‘Islamist attack’ thwarted in Germany

From CNN, Deutsche Welle and the Belfast Telegraph

German authorities think they “have thwarted an Islamist attack,” and a married couple has been arrested in a town near Frankfurt in connection with the case, the interior minister for the German state of Hesse told reporters Thursday. 

The couple was arrested Wednesday night in Oberursel, a town near Frankfurt in west-central Germany, said Peter Beuth, interior minister for Hesse. “We suspect that there was a Salafist background,” Beuth said, referring to ultra-fundamentalist interpretations of Islam. “Police investigations at this stage indicate that we have thwarted an Islamist attack.”

Hesse’s top public prosecutor, Albrecht Schreiber, told reporters in Wiesbaden that an array of dangerous items were seized from a couple’s apartment overnight; the two suspects were arrested on suspicion of planning a terrorist attack.

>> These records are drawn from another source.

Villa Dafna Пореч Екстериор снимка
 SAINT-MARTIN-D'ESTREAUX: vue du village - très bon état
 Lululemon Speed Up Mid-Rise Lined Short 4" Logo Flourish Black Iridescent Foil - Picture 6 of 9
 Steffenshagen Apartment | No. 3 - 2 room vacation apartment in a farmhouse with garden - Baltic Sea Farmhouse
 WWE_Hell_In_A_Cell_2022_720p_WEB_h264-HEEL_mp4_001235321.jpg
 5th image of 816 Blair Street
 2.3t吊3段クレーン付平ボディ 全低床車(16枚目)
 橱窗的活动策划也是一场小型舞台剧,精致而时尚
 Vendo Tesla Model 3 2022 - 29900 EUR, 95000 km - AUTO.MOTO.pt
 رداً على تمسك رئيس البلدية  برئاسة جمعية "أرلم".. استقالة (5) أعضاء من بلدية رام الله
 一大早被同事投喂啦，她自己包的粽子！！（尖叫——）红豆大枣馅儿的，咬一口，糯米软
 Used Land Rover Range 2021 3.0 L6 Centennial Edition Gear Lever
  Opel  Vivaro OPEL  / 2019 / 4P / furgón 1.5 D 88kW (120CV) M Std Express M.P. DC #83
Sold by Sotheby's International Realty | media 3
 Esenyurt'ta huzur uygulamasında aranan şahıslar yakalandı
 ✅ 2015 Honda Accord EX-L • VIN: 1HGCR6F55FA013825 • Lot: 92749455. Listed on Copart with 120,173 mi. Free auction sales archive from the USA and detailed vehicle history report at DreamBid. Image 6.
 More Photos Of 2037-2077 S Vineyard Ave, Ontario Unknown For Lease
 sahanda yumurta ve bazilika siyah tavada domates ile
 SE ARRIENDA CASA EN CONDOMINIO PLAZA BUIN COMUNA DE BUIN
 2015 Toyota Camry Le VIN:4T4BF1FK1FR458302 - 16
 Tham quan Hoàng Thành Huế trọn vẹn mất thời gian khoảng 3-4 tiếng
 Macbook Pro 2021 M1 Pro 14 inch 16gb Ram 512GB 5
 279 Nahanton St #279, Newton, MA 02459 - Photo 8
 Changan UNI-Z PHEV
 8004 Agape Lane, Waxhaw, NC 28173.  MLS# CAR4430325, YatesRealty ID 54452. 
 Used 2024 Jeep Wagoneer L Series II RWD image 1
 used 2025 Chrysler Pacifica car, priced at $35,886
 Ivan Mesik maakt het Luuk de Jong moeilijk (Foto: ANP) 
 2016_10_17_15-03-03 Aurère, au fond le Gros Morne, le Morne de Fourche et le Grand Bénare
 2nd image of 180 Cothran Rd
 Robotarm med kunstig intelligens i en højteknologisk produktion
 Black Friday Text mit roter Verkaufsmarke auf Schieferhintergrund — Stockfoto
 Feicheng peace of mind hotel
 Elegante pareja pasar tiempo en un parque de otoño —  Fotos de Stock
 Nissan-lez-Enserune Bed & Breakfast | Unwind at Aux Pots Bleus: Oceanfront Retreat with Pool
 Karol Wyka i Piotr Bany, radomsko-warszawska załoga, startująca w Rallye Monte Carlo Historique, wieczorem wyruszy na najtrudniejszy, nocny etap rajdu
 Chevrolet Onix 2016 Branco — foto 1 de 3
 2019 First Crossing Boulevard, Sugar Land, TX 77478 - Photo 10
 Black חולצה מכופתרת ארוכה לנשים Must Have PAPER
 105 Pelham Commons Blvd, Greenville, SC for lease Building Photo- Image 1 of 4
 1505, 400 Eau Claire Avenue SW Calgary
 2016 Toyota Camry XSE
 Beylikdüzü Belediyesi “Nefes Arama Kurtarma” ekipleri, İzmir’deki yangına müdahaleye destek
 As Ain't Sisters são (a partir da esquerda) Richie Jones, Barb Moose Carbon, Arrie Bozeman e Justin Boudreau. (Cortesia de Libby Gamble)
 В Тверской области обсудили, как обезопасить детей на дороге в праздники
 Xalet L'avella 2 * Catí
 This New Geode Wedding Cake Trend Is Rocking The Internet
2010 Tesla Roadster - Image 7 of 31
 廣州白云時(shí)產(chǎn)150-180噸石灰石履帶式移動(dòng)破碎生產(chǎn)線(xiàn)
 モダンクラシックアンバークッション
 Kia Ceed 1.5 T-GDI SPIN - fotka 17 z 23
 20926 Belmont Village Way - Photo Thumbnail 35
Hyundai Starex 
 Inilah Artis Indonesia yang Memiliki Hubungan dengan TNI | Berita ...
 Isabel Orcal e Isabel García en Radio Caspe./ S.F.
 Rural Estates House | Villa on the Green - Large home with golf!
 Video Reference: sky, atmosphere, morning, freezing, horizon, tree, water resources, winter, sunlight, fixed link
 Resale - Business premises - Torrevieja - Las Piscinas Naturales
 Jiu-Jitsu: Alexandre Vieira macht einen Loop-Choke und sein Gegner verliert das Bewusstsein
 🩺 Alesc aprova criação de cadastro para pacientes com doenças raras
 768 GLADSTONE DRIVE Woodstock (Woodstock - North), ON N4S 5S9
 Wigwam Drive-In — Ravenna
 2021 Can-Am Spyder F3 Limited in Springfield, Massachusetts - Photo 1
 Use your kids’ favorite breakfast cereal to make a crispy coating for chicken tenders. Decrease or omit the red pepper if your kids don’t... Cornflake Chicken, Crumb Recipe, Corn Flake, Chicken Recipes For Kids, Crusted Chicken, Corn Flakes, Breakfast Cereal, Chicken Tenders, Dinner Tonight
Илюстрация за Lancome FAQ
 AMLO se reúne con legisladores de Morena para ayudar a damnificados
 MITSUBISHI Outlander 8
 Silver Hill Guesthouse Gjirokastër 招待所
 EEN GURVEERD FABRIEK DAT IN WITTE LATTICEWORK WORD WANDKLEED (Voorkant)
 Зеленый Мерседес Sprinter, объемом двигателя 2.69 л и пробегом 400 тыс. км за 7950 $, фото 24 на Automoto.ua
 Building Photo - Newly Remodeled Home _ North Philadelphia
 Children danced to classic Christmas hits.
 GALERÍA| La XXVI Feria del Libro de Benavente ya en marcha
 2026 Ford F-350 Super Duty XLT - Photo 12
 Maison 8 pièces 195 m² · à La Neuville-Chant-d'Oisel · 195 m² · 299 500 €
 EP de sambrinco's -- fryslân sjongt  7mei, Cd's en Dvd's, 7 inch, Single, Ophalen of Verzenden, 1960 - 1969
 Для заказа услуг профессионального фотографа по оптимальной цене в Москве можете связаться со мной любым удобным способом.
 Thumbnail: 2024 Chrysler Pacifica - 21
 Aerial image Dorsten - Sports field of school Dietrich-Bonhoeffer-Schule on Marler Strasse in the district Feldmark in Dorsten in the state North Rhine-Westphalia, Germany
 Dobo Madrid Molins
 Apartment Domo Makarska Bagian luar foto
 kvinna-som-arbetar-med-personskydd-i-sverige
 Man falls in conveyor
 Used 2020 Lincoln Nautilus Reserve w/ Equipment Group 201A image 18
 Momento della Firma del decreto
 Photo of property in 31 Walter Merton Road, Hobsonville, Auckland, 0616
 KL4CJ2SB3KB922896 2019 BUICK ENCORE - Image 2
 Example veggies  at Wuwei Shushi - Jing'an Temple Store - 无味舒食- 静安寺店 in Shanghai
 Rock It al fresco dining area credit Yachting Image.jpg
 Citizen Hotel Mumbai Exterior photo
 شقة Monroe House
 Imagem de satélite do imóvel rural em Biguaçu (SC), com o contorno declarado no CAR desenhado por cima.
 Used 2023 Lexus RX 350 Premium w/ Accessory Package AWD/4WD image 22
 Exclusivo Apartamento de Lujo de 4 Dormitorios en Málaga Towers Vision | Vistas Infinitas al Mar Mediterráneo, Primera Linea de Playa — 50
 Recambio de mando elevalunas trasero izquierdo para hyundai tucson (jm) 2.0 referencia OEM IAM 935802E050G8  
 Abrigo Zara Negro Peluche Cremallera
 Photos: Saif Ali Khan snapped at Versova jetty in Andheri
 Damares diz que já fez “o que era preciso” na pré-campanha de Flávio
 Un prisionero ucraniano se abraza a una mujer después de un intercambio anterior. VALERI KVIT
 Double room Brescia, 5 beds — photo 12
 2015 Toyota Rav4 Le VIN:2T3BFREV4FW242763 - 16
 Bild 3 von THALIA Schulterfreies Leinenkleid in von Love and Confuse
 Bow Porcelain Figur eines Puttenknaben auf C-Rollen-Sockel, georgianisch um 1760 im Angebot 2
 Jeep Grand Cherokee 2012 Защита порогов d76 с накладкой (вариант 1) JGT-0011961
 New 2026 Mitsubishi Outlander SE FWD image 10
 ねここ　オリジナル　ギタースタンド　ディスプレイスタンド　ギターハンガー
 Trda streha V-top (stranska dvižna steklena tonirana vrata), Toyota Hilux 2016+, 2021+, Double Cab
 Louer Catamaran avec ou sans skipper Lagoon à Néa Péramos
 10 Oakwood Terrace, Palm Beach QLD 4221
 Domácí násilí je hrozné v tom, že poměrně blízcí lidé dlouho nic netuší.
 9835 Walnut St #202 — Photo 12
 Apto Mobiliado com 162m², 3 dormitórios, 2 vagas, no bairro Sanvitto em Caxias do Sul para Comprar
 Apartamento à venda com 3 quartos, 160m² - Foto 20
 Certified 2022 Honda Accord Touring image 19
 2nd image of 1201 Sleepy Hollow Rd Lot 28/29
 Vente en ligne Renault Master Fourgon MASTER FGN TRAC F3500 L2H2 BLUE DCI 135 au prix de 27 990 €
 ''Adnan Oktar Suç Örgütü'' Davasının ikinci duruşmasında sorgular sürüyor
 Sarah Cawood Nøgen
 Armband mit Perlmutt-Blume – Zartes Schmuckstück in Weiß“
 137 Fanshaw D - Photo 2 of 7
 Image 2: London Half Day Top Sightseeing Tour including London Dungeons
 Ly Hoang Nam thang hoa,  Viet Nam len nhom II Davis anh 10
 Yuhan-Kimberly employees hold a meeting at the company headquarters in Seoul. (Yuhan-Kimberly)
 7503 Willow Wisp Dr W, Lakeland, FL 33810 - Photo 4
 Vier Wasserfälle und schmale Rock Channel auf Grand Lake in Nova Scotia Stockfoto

Schreiber confirmed the discovery of a completed pipe bomb, police found three liters of hydrogen peroxide, 100 rounds of live 9-milimeter munitions, a training projectile for a rocket-propelled grenade, methylated spirits, diesel, other “unknown fluids,” and also “meaningful parts of a G3 assault rifle.” The rifle was disassembled, Schreiber said, and police were working to ascertain whether the complete set of parts was present in the flat

The overnight arrest of a 35-year-old German with Turkish roots and his 34-year-old wife is believed to have prevented a terrorist attack in the region. Friday’s cycling race around Frankfurt had been identified as a potential target in the press; police president Stefan Müller said investigators had not ruled out the possibility, but did not yet know.

That is, of course, a soft target, it would be relatively easy to attack,” Müller said. “And since the Boston Marathon [attack of 2013], such events are closely watched – which also applies to cycling races.” 

Schreiber explained that the male suspect was seen in recent days surveying parts of the route of the cycling race, around Germany’s financial capital on the Mayday public holiday. This intensified police attention on him.

The suspects had been seen in a local hardware store purchasing the hydrogen peroxide,(three litres, using a false name)  Schreiber said, adding that the wife’s presence in the store was one of the reasons for her to be arrested along with her husband.

Deputy chief prosecutor Stefan  Rojczyk said: ” This hydrogen peroxide triggered an alert. Police figured out who had bought it and it was decided to act fast.” 

Newspaper reports claim that the man is trained in chemistry.

Schreiber and Müller said it was too early to comment on reports that a conservative Islamic text was seized in the flat.